Her view is echoed by Petty Officer First Class Jeremy Johnson, 35, who had resigned in 2007, on the eve of a promotion, but re-enlisted in the Navy as soon as DADT’s repeal allowed him to serve with self-honesty.
“Gay and lesbian service members who are harassed can only hope to take their complaints up the chain of command to seek resolution,” Johnson says. “But when the problem is their chain of command, they are limited in their options.”
“Some are waiting until the person causing the problem transfers, or they themselves move on to another assignment. In the meantime, they endure the circumstances as if DADT were still in force.”
Although Congress opted not to include a nondiscrimination clause in the DADT repeal, the same result would be accomplished without legislation if the president and Department of Defense were to issue regulations or rules preventing such discrimination within the service.
“The country has gone through an incredible change since the enactment of DADT,” says James Esseks, director of the American Civil Liberties Union (ACLU) Lesbian, Gay, Bisexual, Transgender & AIDS Project. “While not all gay service members feel they can be open, when people make the choice to be open they may find a more accepting environment than they expected.”
The ACLU is preparing for trial in a class-action case, Collins vs. United States, that seeks retroactive pay for nearly 150 people who were discharged under DADT following at least six years of service.
Due to an obscure rule from the DADT era, these service members—dismissed for “homosexuality”—were entitled to only half the severance pay to which other honorably discharged service members were entitled.
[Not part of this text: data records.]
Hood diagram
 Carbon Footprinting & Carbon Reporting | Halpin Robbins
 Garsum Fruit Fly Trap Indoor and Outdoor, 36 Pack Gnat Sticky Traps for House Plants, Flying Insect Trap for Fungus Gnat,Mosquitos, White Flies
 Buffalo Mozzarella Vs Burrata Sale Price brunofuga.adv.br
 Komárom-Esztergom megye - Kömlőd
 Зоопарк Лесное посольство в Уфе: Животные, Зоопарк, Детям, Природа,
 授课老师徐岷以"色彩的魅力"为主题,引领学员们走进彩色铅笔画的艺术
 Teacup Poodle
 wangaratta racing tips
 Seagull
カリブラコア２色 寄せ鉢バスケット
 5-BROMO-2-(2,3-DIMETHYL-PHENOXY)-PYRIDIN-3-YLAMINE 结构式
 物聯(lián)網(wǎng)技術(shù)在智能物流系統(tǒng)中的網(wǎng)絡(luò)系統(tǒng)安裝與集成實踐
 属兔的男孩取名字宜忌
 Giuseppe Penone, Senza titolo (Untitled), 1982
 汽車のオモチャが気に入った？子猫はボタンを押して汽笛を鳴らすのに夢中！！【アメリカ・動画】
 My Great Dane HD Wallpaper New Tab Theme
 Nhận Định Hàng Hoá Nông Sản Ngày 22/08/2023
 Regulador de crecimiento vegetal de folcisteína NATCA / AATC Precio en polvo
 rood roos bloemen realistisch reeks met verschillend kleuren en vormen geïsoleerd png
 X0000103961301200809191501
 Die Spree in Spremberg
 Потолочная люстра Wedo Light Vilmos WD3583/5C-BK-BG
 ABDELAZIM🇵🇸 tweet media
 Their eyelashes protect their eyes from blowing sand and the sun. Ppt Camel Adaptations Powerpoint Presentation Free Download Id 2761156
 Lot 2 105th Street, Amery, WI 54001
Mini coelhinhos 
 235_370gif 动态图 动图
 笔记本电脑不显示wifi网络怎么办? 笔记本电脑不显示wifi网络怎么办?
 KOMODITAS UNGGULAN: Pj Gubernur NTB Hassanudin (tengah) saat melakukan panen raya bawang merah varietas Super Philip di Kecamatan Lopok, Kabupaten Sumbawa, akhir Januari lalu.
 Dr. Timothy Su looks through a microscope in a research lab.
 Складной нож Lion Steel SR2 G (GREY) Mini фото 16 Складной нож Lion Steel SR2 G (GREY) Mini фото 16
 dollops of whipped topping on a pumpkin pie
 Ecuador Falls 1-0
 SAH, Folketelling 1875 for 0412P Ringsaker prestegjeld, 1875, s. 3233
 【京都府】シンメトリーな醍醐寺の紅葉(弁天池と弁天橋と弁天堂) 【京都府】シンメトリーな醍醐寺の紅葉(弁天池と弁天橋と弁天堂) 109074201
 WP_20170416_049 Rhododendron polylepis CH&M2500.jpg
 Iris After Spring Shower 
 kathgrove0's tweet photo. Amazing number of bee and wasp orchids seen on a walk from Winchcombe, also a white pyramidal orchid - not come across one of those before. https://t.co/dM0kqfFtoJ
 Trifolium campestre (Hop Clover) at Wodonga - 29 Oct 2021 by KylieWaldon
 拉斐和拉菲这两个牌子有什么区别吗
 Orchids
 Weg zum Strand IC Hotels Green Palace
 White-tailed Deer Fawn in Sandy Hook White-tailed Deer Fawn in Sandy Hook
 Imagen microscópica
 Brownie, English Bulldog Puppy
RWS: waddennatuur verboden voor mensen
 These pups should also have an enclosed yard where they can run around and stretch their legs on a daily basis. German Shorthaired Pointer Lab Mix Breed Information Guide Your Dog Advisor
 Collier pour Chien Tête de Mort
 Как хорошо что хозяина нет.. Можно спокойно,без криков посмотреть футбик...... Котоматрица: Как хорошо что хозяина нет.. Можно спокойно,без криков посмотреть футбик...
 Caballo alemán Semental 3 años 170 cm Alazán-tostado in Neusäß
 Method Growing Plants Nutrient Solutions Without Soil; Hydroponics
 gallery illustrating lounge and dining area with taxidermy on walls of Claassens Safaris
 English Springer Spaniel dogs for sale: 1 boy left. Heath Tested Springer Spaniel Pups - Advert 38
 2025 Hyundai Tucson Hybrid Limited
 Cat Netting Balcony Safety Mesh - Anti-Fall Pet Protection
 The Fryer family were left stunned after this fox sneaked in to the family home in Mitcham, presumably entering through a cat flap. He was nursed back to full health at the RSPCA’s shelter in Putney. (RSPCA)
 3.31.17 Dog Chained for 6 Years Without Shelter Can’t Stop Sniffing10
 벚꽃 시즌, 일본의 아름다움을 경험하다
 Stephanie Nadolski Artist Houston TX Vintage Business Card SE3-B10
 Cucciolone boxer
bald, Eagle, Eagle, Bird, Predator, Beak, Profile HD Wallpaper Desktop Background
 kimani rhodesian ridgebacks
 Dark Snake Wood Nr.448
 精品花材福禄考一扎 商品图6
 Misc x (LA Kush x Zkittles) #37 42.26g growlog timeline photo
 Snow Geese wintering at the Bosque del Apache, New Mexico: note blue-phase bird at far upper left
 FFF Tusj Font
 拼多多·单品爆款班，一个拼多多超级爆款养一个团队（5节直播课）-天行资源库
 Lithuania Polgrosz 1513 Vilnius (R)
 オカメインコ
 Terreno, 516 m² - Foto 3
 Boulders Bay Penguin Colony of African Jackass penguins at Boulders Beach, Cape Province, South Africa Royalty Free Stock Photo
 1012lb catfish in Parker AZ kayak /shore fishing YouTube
These days, McLaughlin, as an Army attorney, drafts wills, powers of attorney, and health care proxies to protect the families of other U.S. Army soldiers who are to be deployed. She hopes that one day she may attain these services for herself and her own spouse.
“The repeal is wonderful, but there is still much work to be done, through the courts or through legislation,” she says. “Making sure we have an anti-discrimination policy and making sure that we treat all military families equally—those goals are of paramount importance for families like mine.”